Chapter 2 - A simple one-pass compiler

Chapter 2 - A Simple One-Pass Compiler

Reading: pp. 25 - 51 We begin by taking a look at a one-pass compiler and topics to include lexical analysis, parsing, and code generation. We will follow the example from Aho which constructs a compiler that translates infix expressions to postfix expressions.

P#1: Consider the infix expression 5 + 2 / 4 + 1. Give the postfix and prefix form for this expression.

Before we can write a lexical analyzer as described in chapter 1, we must be able to describe a language for expressions somehow.

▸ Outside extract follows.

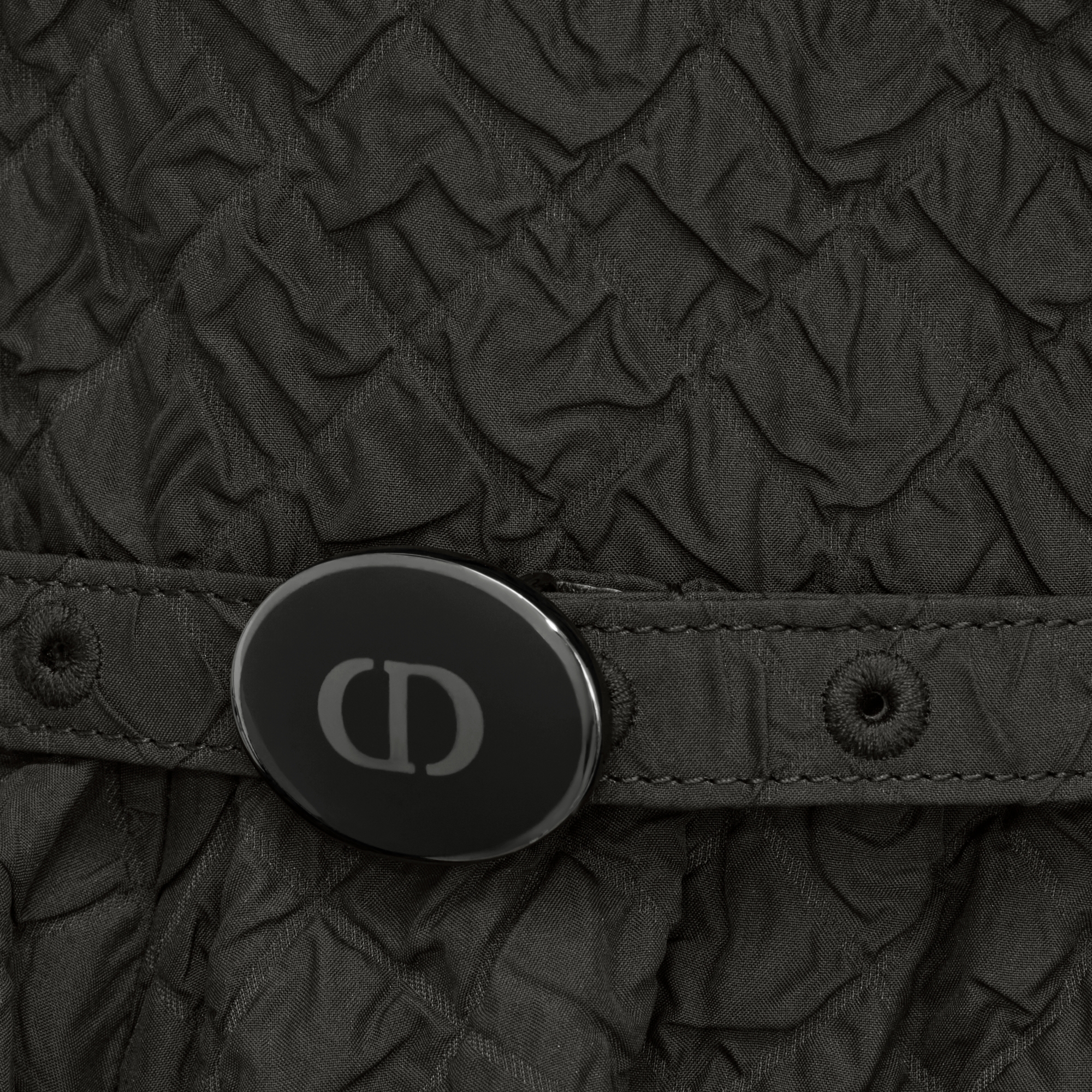 中长款连衣裙 哑光黑色科技面料泡泡纱效果搭配腰带 E09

We will begin by describing languages using context-free grammars.

Context-free grammars have four basic components:

A set of terminal symbols that represent tokens.
A set of nonterminal symbols
A set of productions
A start symbol

Conventions for our context-free grammars:

Productions listed first will contain the start symbol.
Terminals are bold, symbols such as +, and digits.
Italicized names are nonterminals and nonitalicized names are tokens.

number -> int
int -> int digit | digit
digit -> 0 | 1 | 2 | 3 | 4 | 5 | 6 | 7 | 8 | 9

P#2: (a) What language does the above grammar represent? (b) Add the production for real (without scientific notation) to the above context-free grammar.

The set of tokens that can be derived from the grammar form the language described by the grammar. Further, we can show the parse tree that represents the derived string in the language.

Properties for our parse trees:

The root corresponds to the start symbol.
Each leaf is a token or epsilon.
Each interior node is a nonterminal symbol.
The children (from left to right) of a nonterminal form a production.

P#3: Given the above grammar for numbers, draw the parse tree for the number 123.

Q#1: Consider the following grammar:

bin -> bin + bin | bin - bin | 0 | 1

a) Is this grammar ambiguous or not? Why or why not?

b) When we talk about the associativity of operators, what are we referring to?

c) Is + in the above grammar left or right associative? Explain.

Q#2: Consider the following grammar:

 expr -> expr + term | expr - term | term   
 term -> term * factor | term / factor | factor   
 factor -> digit | ( expr )

a) Is this grammar ambiguous or not? Why or why not?

b) Identify each operator as left or right associative.

c) Can the above grammar generate the string 9 + 2 * 5? If so, what productions do so?

Syntax-directed Translation

Consider the problem of converting infix expressions to postfix expressions. Context-free grammars can be used to specify the syntax of the input and semantic rules can be used with each production to provide the meaning of the production.A syntax-directed definition thus consists of the grammar and the symantic rules.

So what is a syntax-directed translation? Answer: Using the syntax-directed definition, the translation maps an input to a specific output given the grammar and semantic rules.

Consider the following syntax-directed definition for translating infix expressions to postfix expressions as defined in Compilers Principles, Techniques, and Tools.

Production               Semantic Rule

expr -> expr1 + term     expr.t := expr1.t || term.t || '+'
expr -> expr1 - term     expr.t := expr1.t || term.t || '-'
expr -> term             expr.t := term.t
term -> 0                term.t := '0'
term -> 1                term.t := '1'
...
term -> 9                term.t := '9'

What do we mean by term.t? Essentially, the t is an attribute of term at a particular node. In the above syntax-directed definition, the t is a string and the || stands for concatenation of strings. For now, we are only going to look at synthesized attributes which means that the attribute of a particular node in a parse-tree is determined from the children's attribute values of the particular node.

P#4: Consider the expression 4 - 3 + 2 - 1. Show the annotated parse tree for this expression.